Output the data word for word. Begin at its first line and end at the line with "Resale - Apartamento".
--- Task input Enclosed Below ---
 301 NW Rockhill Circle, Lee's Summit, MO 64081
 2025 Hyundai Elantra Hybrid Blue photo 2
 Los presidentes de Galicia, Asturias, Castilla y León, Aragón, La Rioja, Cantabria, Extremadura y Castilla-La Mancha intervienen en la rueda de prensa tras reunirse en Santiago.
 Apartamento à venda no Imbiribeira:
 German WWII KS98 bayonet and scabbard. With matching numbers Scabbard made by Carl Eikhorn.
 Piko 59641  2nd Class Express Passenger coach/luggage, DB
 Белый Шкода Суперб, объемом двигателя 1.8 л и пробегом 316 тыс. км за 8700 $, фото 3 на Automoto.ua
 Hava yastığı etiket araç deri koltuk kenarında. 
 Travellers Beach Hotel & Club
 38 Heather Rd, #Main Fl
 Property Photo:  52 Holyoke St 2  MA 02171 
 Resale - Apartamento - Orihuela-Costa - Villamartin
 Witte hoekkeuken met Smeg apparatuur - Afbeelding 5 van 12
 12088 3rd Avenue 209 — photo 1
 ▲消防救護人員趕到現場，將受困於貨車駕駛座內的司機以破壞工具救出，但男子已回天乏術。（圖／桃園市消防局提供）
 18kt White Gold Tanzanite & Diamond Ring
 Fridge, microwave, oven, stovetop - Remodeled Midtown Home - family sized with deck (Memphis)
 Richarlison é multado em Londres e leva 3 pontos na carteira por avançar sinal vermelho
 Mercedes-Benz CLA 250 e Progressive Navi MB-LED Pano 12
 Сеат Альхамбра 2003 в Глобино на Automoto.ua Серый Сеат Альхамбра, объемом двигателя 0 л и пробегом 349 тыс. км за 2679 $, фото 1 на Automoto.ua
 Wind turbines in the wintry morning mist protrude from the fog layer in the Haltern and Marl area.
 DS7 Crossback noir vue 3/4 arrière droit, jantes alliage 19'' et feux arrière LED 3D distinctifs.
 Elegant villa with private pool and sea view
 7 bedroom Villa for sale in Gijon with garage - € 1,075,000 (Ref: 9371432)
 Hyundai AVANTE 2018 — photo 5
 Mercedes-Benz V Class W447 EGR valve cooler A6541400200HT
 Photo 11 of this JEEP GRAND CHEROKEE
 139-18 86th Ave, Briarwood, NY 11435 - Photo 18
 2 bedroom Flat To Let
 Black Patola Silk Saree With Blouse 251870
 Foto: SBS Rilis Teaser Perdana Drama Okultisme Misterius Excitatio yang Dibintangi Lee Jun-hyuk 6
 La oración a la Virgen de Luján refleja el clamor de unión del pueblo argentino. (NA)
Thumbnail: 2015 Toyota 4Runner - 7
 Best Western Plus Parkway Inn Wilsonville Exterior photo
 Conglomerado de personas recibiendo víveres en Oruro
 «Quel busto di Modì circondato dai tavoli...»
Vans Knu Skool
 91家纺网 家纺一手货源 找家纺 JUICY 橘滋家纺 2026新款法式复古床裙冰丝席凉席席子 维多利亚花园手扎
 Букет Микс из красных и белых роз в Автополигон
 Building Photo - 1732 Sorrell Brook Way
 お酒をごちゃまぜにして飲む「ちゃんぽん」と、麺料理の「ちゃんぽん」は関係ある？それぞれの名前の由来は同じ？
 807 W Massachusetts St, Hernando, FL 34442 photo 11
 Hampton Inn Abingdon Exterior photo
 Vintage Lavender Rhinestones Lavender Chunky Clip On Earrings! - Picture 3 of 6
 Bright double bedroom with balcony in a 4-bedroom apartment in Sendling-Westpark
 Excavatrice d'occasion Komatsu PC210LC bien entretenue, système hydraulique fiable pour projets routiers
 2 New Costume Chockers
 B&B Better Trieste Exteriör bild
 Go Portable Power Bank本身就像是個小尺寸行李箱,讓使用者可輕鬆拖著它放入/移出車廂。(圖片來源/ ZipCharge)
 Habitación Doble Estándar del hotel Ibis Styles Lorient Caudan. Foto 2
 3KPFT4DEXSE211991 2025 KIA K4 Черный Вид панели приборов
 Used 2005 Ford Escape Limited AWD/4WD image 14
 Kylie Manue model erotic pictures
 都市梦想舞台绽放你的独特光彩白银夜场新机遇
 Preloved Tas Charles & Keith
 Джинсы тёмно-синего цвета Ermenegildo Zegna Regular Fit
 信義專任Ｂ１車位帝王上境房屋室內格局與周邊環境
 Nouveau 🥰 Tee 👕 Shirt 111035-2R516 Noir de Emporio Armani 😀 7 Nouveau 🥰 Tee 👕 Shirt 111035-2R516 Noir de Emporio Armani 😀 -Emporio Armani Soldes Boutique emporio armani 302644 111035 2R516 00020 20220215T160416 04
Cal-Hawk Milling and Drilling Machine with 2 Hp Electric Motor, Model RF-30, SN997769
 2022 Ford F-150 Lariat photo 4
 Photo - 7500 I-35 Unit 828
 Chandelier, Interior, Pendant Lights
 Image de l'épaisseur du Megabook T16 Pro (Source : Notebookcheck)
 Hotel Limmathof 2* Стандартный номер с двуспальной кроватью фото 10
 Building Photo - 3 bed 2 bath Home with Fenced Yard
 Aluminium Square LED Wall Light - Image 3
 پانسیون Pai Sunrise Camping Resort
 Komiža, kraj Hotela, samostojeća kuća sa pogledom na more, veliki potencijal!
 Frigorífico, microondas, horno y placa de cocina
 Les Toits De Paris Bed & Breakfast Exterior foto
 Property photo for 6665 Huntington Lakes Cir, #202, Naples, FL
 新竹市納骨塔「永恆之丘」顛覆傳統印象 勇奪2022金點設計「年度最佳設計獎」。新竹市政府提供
--- End of Enclosed Task input ---
Response >>
 301 NW Rockhill Circle, Lee's Summit, MO 64081
 2025 Hyundai Elantra Hybrid Blue photo 2
 Los presidentes de Galicia, Asturias, Castilla y León, Aragón, La Rioja, Cantabria, Extremadura y Castilla-La Mancha intervienen en la rueda de prensa tras reunirse en Santiago.
 Apartamento à venda no Imbiribeira:
 German WWII KS98 bayonet and scabbard. With matching numbers Scabbard made by Carl Eikhorn.
 Piko 59641  2nd Class Express Passenger coach/luggage, DB
 Белый Шкода Суперб, объемом двигателя 1.8 л и пробегом 316 тыс. км за 8700 $, фото 3 на Automoto.ua
 Hava yastığı etiket araç deri koltuk kenarında. 
 Travellers Beach Hotel & Club
 38 Heather Rd, #Main Fl
 Property Photo:  52 Holyoke St 2  MA 02171 
 Resale - Apartamento - Orihuela-Costa - Villamartin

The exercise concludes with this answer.